## EXERCISE INSTRUCTIONS:
Starting with the line that has "Quantum Mesh　CES(R)2026のENEOSブースにて 日本初の商用液浸冷却システム「KAMUI」を展示" and finishing with the line that has "Камера цифровая детская", set down each line below exactly. Pictures are not copied.

## DATASET:
--------------------
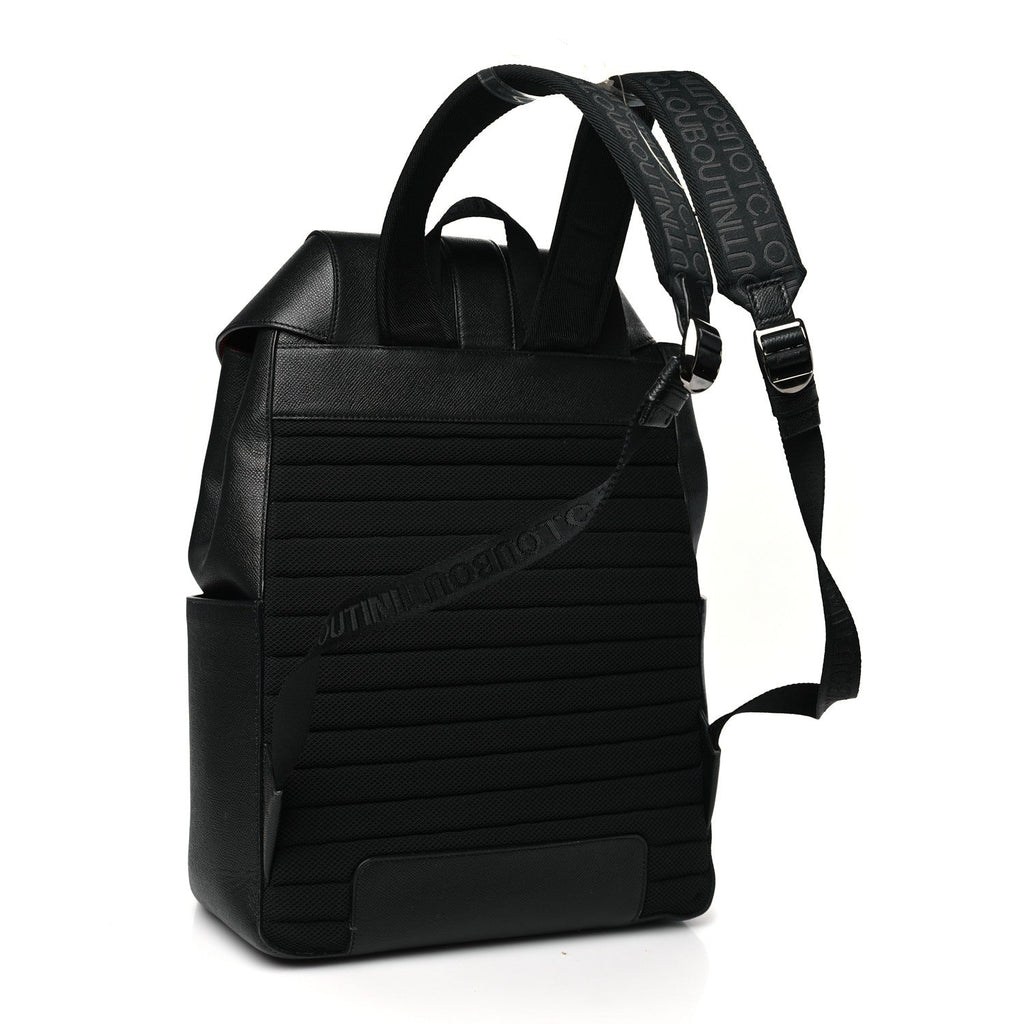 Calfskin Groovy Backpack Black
--------------------
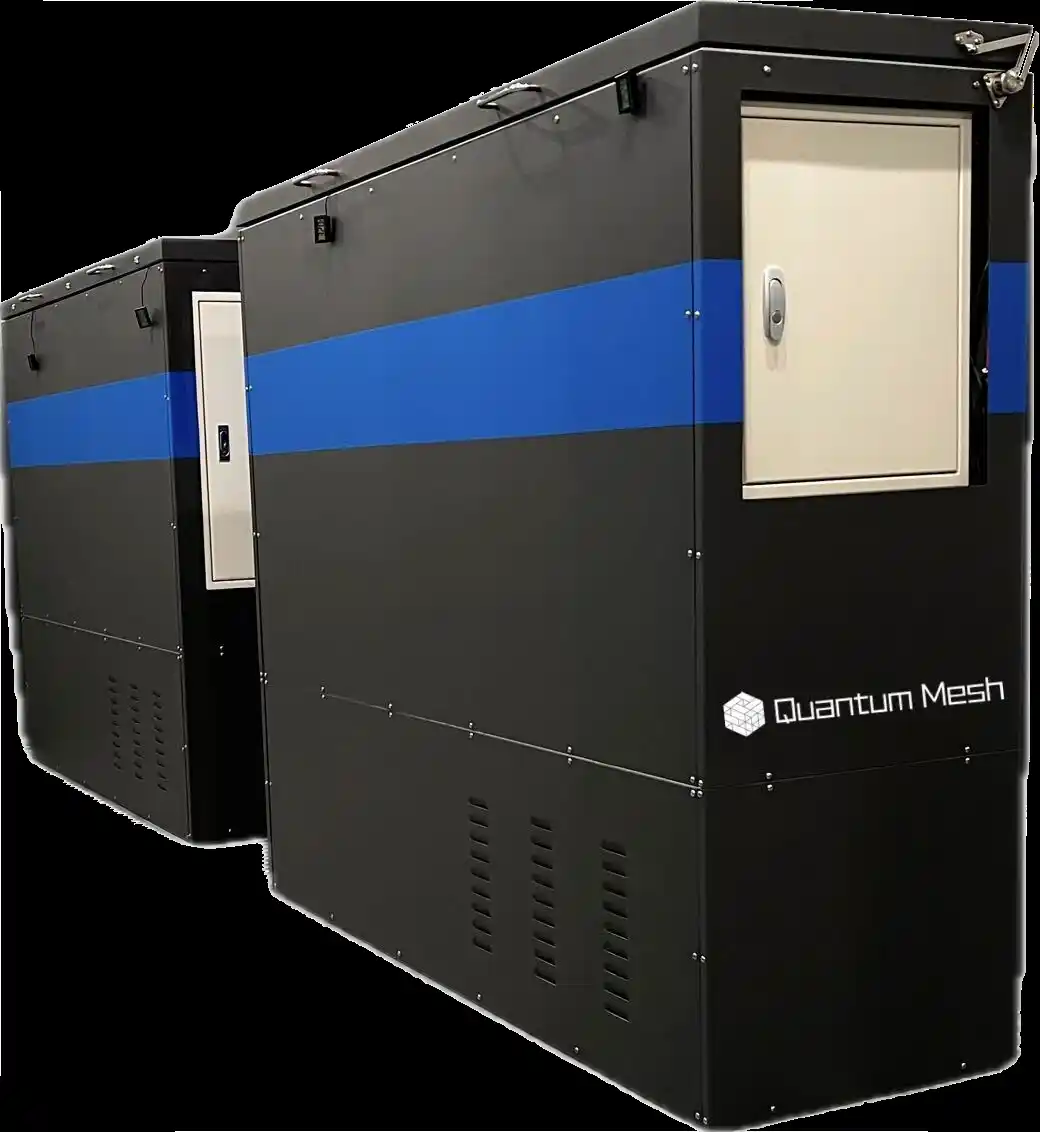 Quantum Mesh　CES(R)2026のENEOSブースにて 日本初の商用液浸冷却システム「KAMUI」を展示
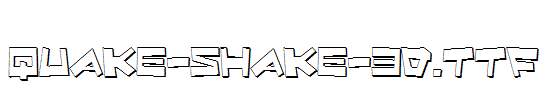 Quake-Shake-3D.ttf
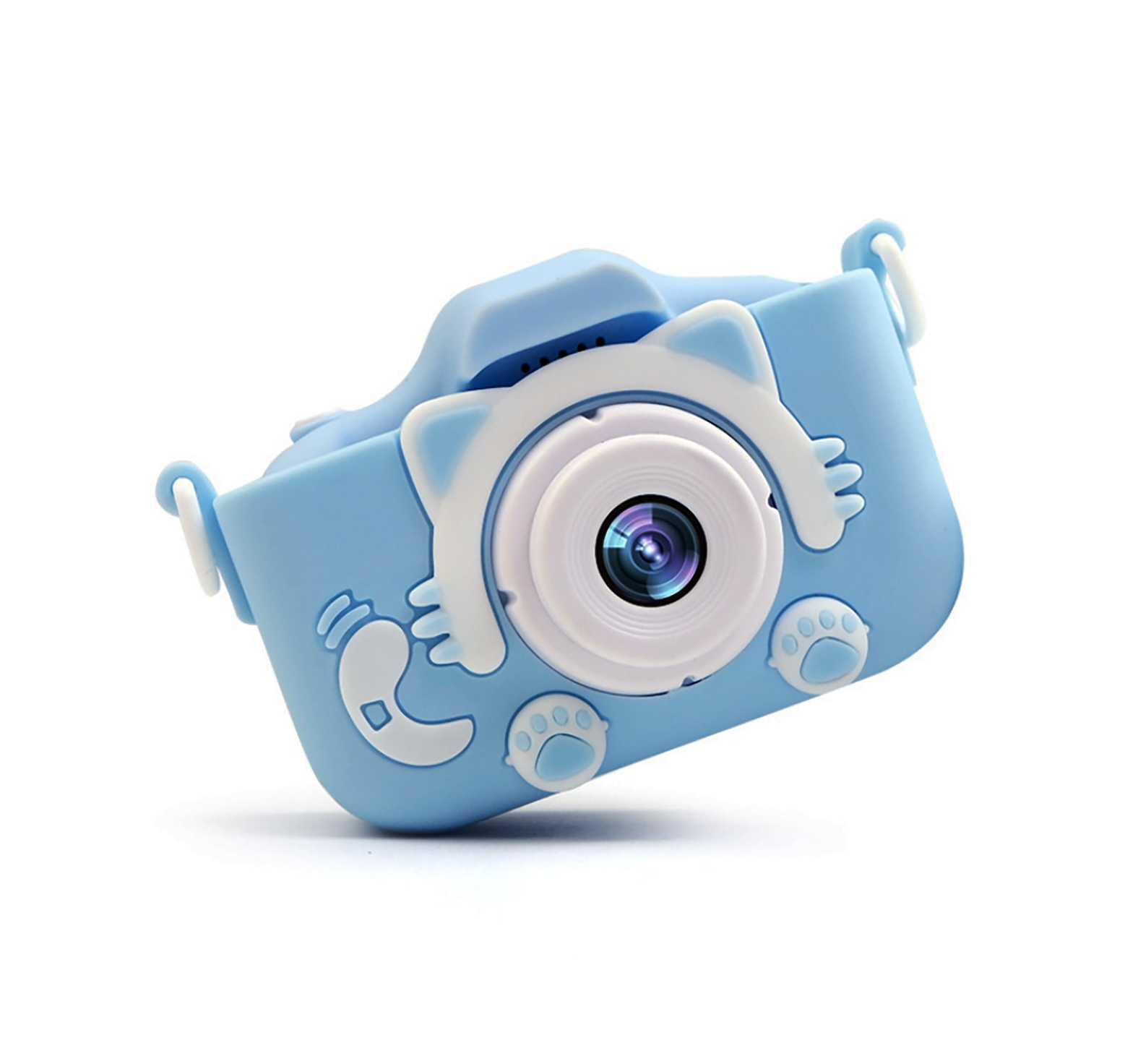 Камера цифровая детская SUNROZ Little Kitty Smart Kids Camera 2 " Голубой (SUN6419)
--------------------
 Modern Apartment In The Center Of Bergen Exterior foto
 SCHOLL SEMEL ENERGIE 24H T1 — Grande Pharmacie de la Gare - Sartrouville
--------------------
## EXERCISE ANSWER:
 Quantum Mesh　CES(R)2026のENEOSブースにて 日本初の商用液浸冷却システム「KAMUI」を展示
 Quake-Shake-3D.ttf
 Камера цифровая детская SUNROZ Little Kitty Smart Kids Camera 2 " Голубой (SUN6419)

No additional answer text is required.